Remote-controlled rats created by scientists who used electrical implants to mobilise the paralysed animals could lead to treatments for people with spinal injuries.
The rats were paralysed by having their spinal cords severed in the middle-back so that no signals from their brains were able to reach the lower spinal cord, but by sending an electric current into spinal nerves via surgical implants scientists were able to get them to walk while held upright on a treadmill.
The team from Ecole Polytechnique Federale de Lausanne (EPFL) in Switzerland discovered that the movements could be controlled by altering the electrical signal and the animals walked over 1,000 successive steps without failure, and negotiated stairs of various heights and lengths.
EPFL neuroscientist Grégoire Courtine said: "We have complete control of the rat's hind legs. The rat has no voluntary control of its limbs, but the severed spinal cord can be reactivated and stimulated to perform natural walking. We can control in real-time how the rat moves forward and how high it lifts its legs."
The team’s results were published yesterday in the journal Science Translational Medicine and the research is part of a European project called NEUWalk to develop therapies that could one day be used in rehabilitation programs for people with spinal cord injury.
In the rat study, the scientists realised that there was a direct relationship between how high the rat lifted its limbs and the frequency of the electrical stimulation from the flexible electrodes surgically implanted at the middle-back where the spinal cord had been severed.
Combined with careful monitoring of the rat's walking patterns – or gait – the researchers were able to modify the electrical stimulation to adapt the rat's stride in anticipation of upcoming obstacles, such as barriers or stairs.
"Simple scientific discoveries about how the nervous system works can be exploited to develop more effective neuroprosthetic technologies," said co-author and neuroengineer Silvestro Micera. "We believe that this technology could one day significantly improve the quality of life of people confronted with neurological disorders."
Courtine's team has created a human-sized version of the treadmill the rats were placed on that they call the Gait Platform. It features a body support system, as well as 14 infrared cameras that detect reflective markers placed on the patient's body and two video cameras, which record information about leg and body movement.
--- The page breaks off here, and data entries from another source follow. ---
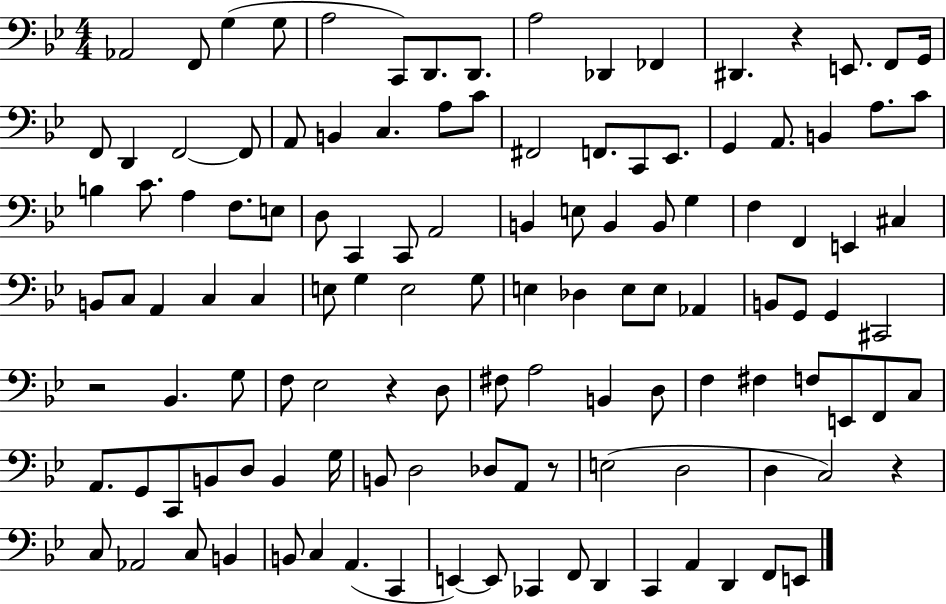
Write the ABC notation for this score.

X:1
T:Untitled
M:4/4
L:1/4
K:Bb
_A,,2 F,,/2 G, G,/2 A,2 C,,/2 D,,/2 D,,/2 A,2 _D,, _F,, ^D,, z E,,/2 F,,/2 G,,/4 F,,/2 D,, F,,2 F,,/2 A,,/2 B,, C, A,/2 C/2 ^F,,2 F,,/2 C,,/2 _E,,/2 G,, A,,/2 B,, A,/2 C/2 B, C/2 A, F,/2 E,/2 D,/2 C,, C,,/2 A,,2 B,, E,/2 B,, B,,/2 G, F, F,, E,, ^C, B,,/2 C,/2 A,, C, C, E,/2 G, E,2 G,/2 E, _D, E,/2 E,/2 _A,, B,,/2 G,,/2 G,, ^C,,2 z2 _B,, G,/2 F,/2 _E,2 z D,/2 ^F,/2 A,2 B,, D,/2 F, ^F, F,/2 E,,/2 F,,/2 C,/2 A,,/2 G,,/2 C,,/2 B,,/2 D,/2 B,, G,/4 B,,/2 D,2 _D,/2 A,,/2 z/2 E,2 D,2 D, C,2 z C,/2 _A,,2 C,/2 B,, B,,/2 C, A,, C,, E,, E,,/2 _C,, F,,/2 D,, C,, A,, D,, F,,/2 E,,/2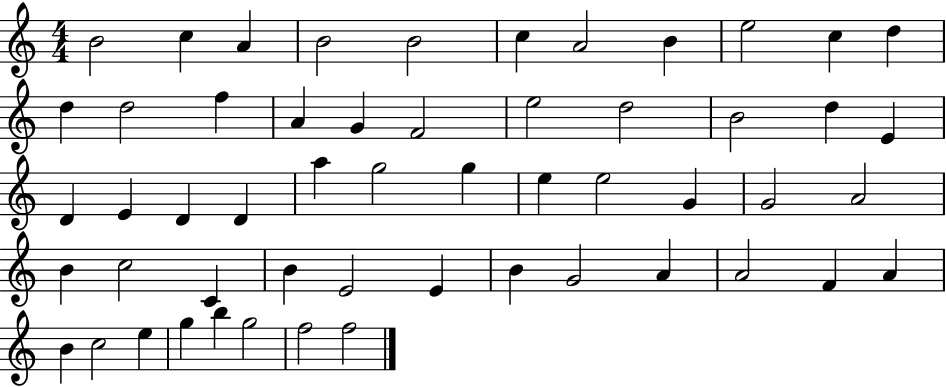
X:1
T:Untitled
M:4/4
L:1/4
K:C
B2 c A B2 B2 c A2 B e2 c d d d2 f A G F2 e2 d2 B2 d E D E D D a g2 g e e2 G G2 A2 B c2 C B E2 E B G2 A A2 F A B c2 e g b g2 f2 f2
The project aims to test the epidural electrical stimulation (EES) technology developed in the rat study on human patients with incomplete spinal cord injury as early as next summer using the Gait Platform.
"The Gait Platform is not a rehabilitation centre," said Courtine. "It is a research laboratory where we will be able to study and develop new therapies using very specialised technology in close collaboration with medical experts here at the CHUV (Lausanne University Hospital), like physiotherapists and doctors."
Courtine and Micera, together with colleagues from EPFL's Centre for Neuroprosthetics, are also exploring the possibility of decoding signals directly from the brain about leg movement and using this information to stimulate the spinal cord.